It is unfortunate that late president Manuel Luis Quezon has been reduced to a meme by schoolchildren who only remember him as the “Father of the National Language.” This meme is reinforced each year in August, when K-12 schools celebrate “Buwan ng Wika” (National Language Month). An older generation harks back to “Linggo ng Wika” (National Language Week) that fell on or around Aug. 19, Quezon’s birthday.

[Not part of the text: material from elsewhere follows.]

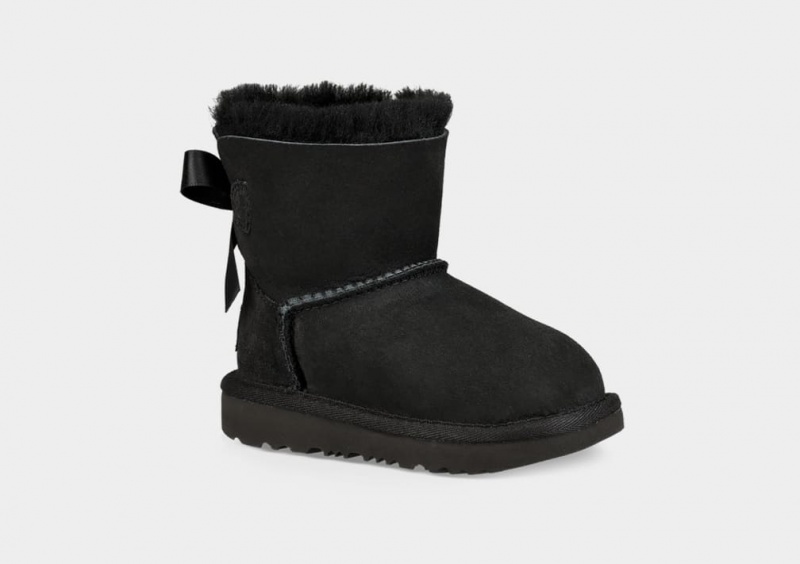 Kozaki Dziecięce Ugg Mini Bailey Bow II Czarne | FUP-708961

Quezon should be more than the name of a province or the name behind the former capital city of the Philippines. Filipinos grew up with Quezon in their wallets, an iconic face on banknotes since the Republic started issuing currency in 1951—and even earlier, in unofficial “Guerrilla Currency,” during the Japanese occupation. Quezon first appeared on the P200 banknote in 1951, and later migrated to the P20 banknote, staying for many years until he was demoted to the P20 coin in 2019. I miss the young Quezon on the orange P20 bill; the shiny two-tone coin doesn’t do him justice as “barya” or small change, even if P20 is the highest denomination coin in Philippine currency.

There is more to Quezon than being the first president of the Philippine Commonwealth. During the dark years of the Japanese occupation, Quezon remained a symbol of resistance and hope as Commonwealth President-in-exile in Washington. Our form of government was made in his image and likeness; he shaped a young nation born from Spanish and American colonial experience into his image and likeness. What our government is today, both good and bad, has its roots in Quezon, who once declared: “I would rather have a government run like hell by Filipinos than a government ruled like heaven by Americans.” Quezon got what he wished for, and that is partly our misfortune.

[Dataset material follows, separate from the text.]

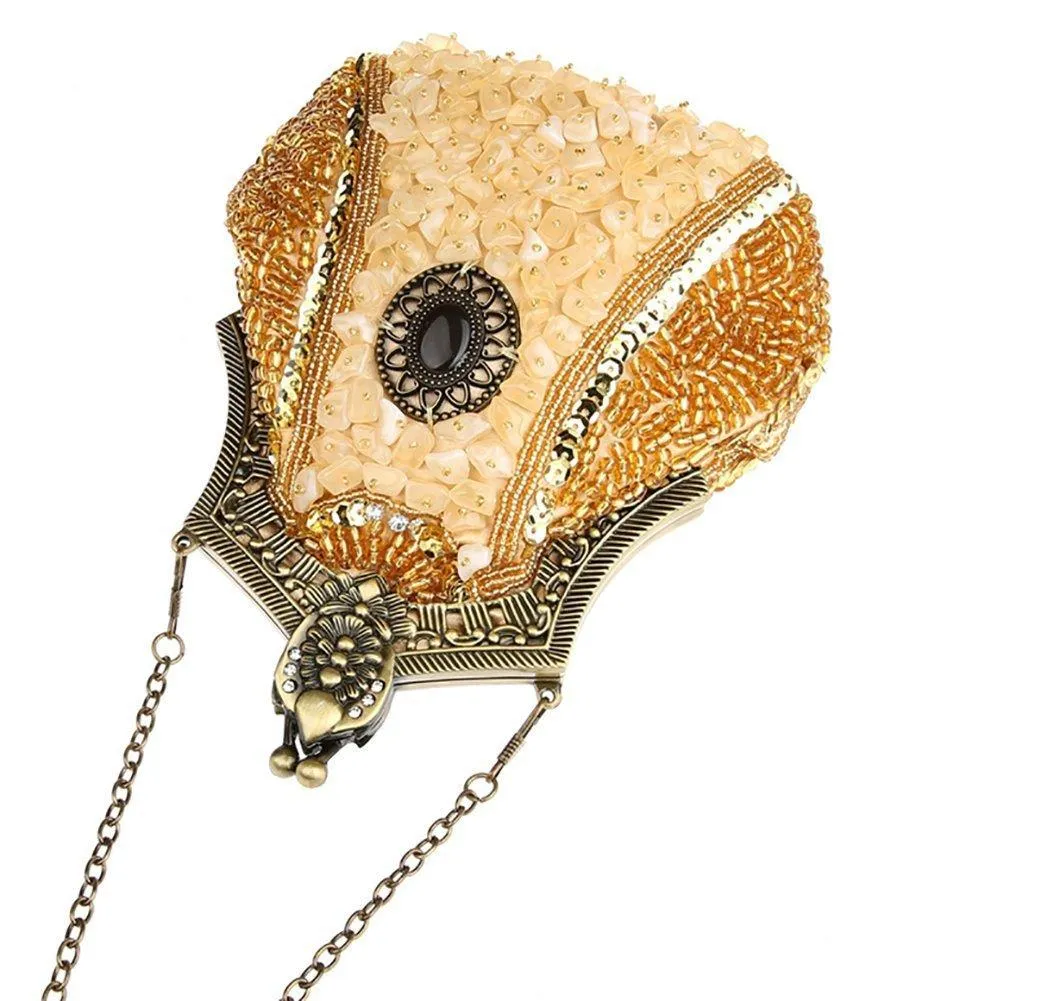 Women's Vintage Hand-beading Sequins Clutch Evening Bag|JaosWish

When I look back on my career, I have created a niche for myself in the life and works of Rizal, with basically the 25 volumes of his published writings. Much of what I write or lecture about should not be new, but then we have a national hero who wrote a lot for a nation that does not read him. I often tell people that historians often complain when they lack data, but they also complain when they have too much of it. When I first dipped into the papers Quezon willed to the National Library of the Philippines, I envied the scholars who have mountains of Quezon documentation compared with my molehill of primary sources for Rizal. In 1971, then NLP director Serafin D. Quiason estimated the Quezon Papers to be:

“about 180,008 items … that includes: the General Correspondence, 1909-1944 (20 boxes); Family Correspondence, 1918-1941 (31 boxes); correspondent’s file, 1910-1940 (14 boxes), and the Speeches, Articles, Statements, Reports, Interviews, Book file, 1908-1944 (26 boxes). In addition to these, there are the Subject File, 1907-1944 (110 boxes); the Duplicate File, 1910-1944 (10 boxes) and the General Miscellany, 1907-1944, classified and arranged chronologically, consisting of fragmentary notes, newspaper clippings, photographs, scrapbooks, addresses, invitations and so forth.”

What remains of the original Quezon Papers preserved at NLP has since deteriorated due to age and our humid climate. Many papers are now illegible due to fading ink or further decline of carbon copies of typewritten material. Some inks bleed on the reverse of documents, obscuring vital texts. Other inks are corrosive and burn through the brittle paper they are written on. Documents suffer from water damage, pests, and the most destructive of all—humans. A timely joint project between the University of Michigan Bentley Historical Library (BHL) and the NLP was completed in 1969, resulting in the reproduction of what was deemed most important of the archive onto 54 reels of microfilm.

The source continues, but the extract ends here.